=== Material supplied ===

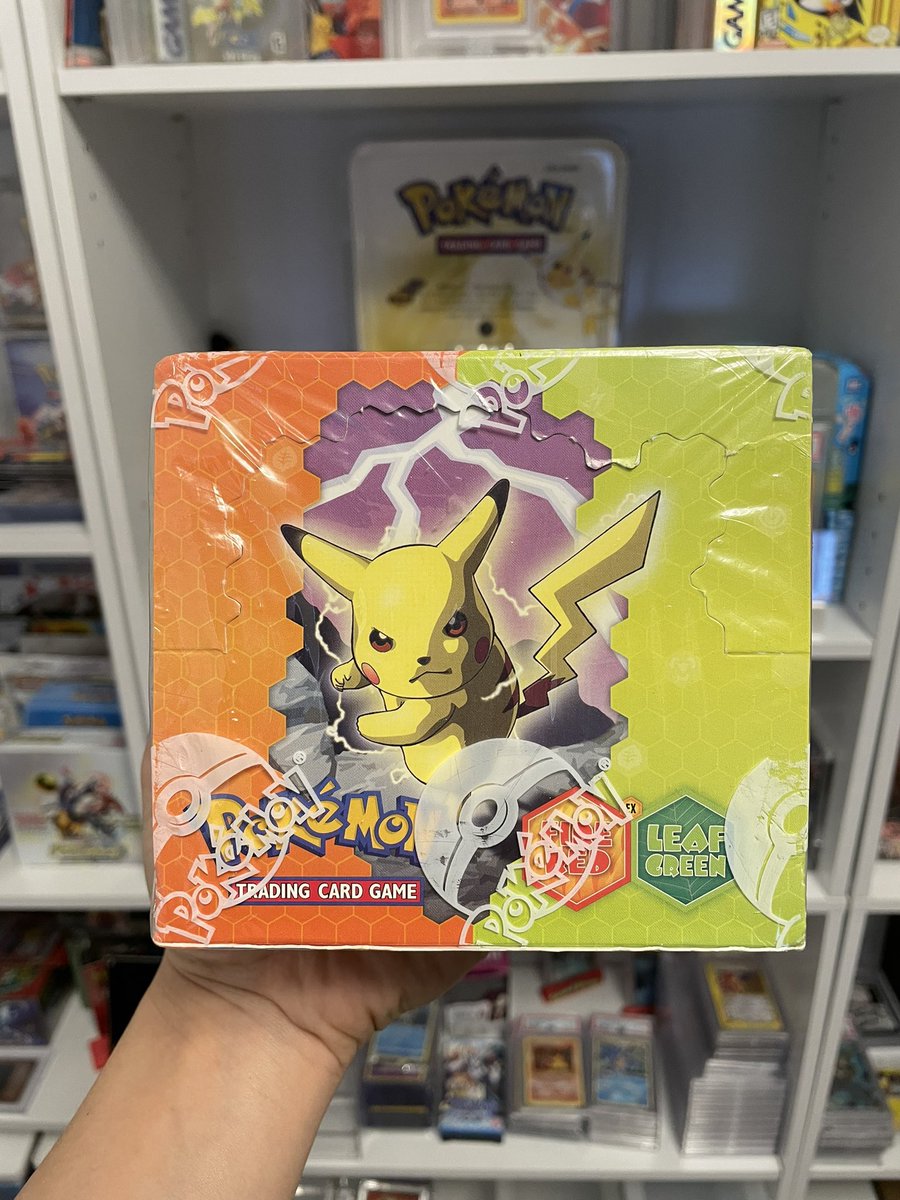 pokemon fire red leaf green booster box Pokémon EX FireRed & LeafGreen Booster Pack EN main image 1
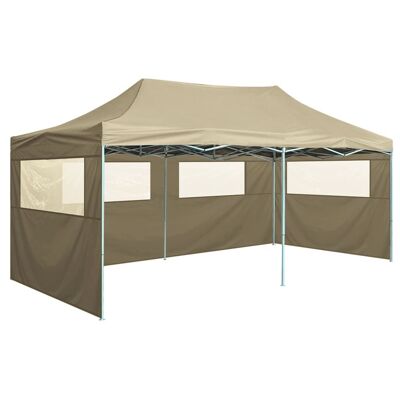 Professional Folding Party Tent with 4 Sidewalls 9.8'x19.7' Steel Cream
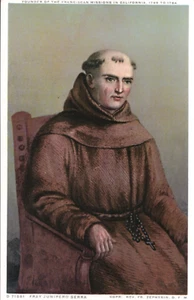 Fray Junipero Serra Franciscan Missions In CA Founder Detroit Publ. Postcard - Picture 1 of 2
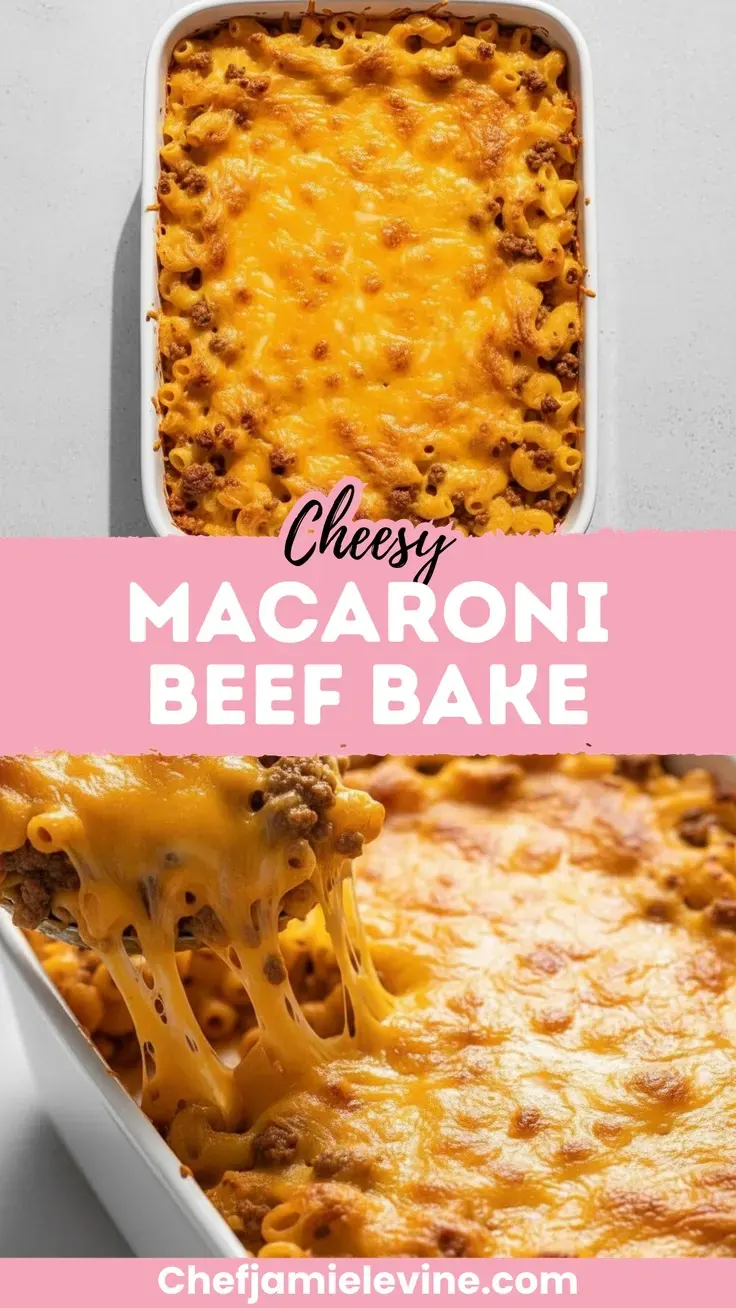 Cheesy Macaroni Beef Bake Recipe for Comfort Macaroni Beef Bake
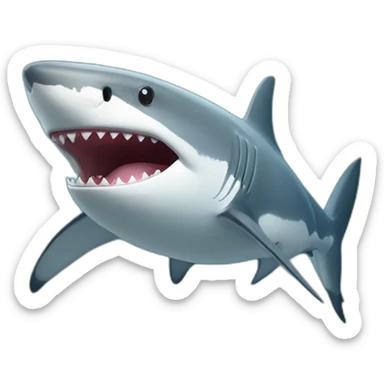 Un requin qui a un coeur sticker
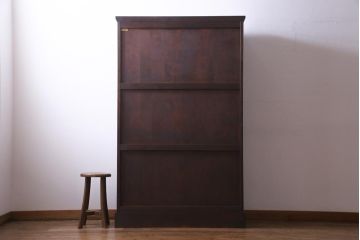 中古美品　北海道民芸家具　飾り棚にもおすすめなブックケース(本箱、収納棚、キャビネット)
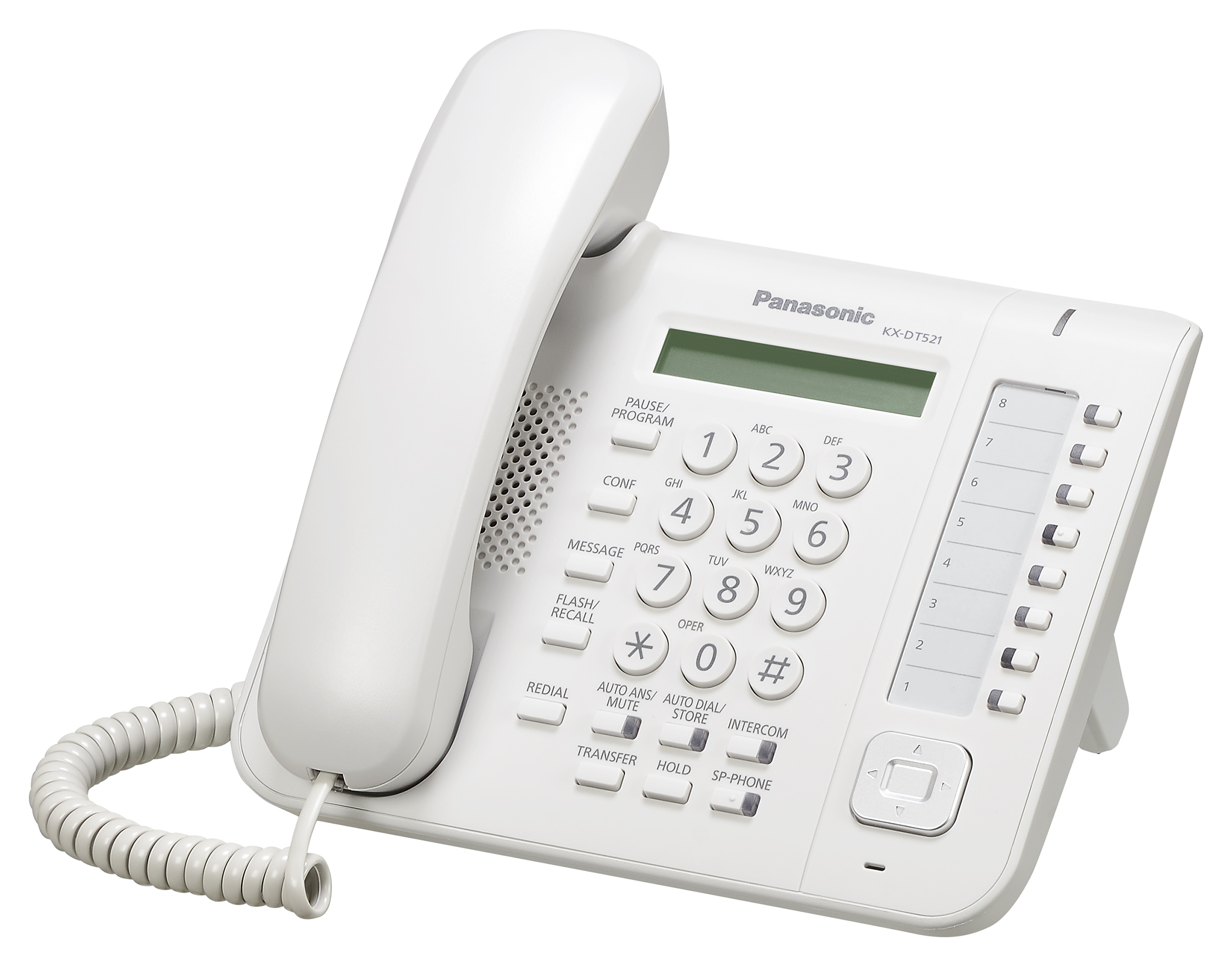 for sale online Black KX-DT521-B Panasonic 1-Line Digital Telephone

===

| Directions |
An exact copy of every entry, pictures left out, is what to write here.

| Your response |
 pokemon fire red leaf green booster box Pokémon EX FireRed & LeafGreen Booster Pack EN main image 1
 Professional Folding Party Tent with 4 Sidewalls 9.8'x19.7' Steel Cream
 Fray Junipero Serra Franciscan Missions In CA Founder Detroit Publ. Postcard - Picture 1 of 2
 Cheesy Macaroni Beef Bake Recipe for Comfort Macaroni Beef Bake
 Un requin qui a un coeur sticker
 中古美品　北海道民芸家具　飾り棚にもおすすめなブックケース(本箱、収納棚、キャビネット)
 for sale online Black KX-DT521-B Panasonic 1-Line Digital Telephone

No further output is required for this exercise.